Problem —
Each line of the data below holding the word "with" must be copied.
:::::
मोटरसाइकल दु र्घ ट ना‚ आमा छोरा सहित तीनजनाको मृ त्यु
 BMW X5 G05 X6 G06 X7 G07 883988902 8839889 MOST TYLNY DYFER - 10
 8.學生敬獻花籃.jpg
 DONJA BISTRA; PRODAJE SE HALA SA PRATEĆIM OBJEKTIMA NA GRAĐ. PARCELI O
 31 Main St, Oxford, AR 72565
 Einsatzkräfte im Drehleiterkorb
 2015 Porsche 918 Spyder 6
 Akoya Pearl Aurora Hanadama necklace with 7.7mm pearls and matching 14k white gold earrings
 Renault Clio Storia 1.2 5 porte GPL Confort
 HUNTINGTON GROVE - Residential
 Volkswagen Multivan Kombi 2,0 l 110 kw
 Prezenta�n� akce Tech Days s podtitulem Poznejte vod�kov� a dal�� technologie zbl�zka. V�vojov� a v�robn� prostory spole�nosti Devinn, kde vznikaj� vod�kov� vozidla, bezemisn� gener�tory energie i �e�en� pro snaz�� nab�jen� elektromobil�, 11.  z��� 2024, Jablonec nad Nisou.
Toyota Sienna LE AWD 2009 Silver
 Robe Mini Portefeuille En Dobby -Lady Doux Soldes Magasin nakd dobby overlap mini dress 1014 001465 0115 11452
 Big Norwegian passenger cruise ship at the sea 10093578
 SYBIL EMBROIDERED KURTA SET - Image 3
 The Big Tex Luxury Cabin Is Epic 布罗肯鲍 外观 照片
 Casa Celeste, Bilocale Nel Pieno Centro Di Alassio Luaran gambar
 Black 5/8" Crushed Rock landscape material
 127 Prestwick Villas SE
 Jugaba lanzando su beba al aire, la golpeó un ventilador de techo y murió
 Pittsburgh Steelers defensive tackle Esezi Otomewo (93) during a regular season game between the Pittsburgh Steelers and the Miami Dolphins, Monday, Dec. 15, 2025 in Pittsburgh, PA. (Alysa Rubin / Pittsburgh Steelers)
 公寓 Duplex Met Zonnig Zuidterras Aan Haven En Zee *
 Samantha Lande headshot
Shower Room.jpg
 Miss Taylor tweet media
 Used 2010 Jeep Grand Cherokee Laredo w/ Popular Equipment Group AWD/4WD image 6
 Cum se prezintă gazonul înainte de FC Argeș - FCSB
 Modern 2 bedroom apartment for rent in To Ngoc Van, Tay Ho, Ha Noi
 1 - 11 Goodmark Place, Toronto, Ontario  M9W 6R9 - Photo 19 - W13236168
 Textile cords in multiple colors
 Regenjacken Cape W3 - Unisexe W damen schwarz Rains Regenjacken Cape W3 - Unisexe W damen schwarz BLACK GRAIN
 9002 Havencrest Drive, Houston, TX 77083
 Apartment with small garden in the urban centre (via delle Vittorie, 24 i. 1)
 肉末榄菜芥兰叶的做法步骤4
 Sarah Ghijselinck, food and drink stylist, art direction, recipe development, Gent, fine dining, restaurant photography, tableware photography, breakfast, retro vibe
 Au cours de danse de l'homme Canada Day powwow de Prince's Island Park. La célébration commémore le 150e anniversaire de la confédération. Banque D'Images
:::::
Expected answer —
 Akoya Pearl Aurora Hanadama necklace with 7.7mm pearls and matching 14k white gold earrings
 Apartment with small garden in the urban centre (via delle Vittorie, 24 i. 1)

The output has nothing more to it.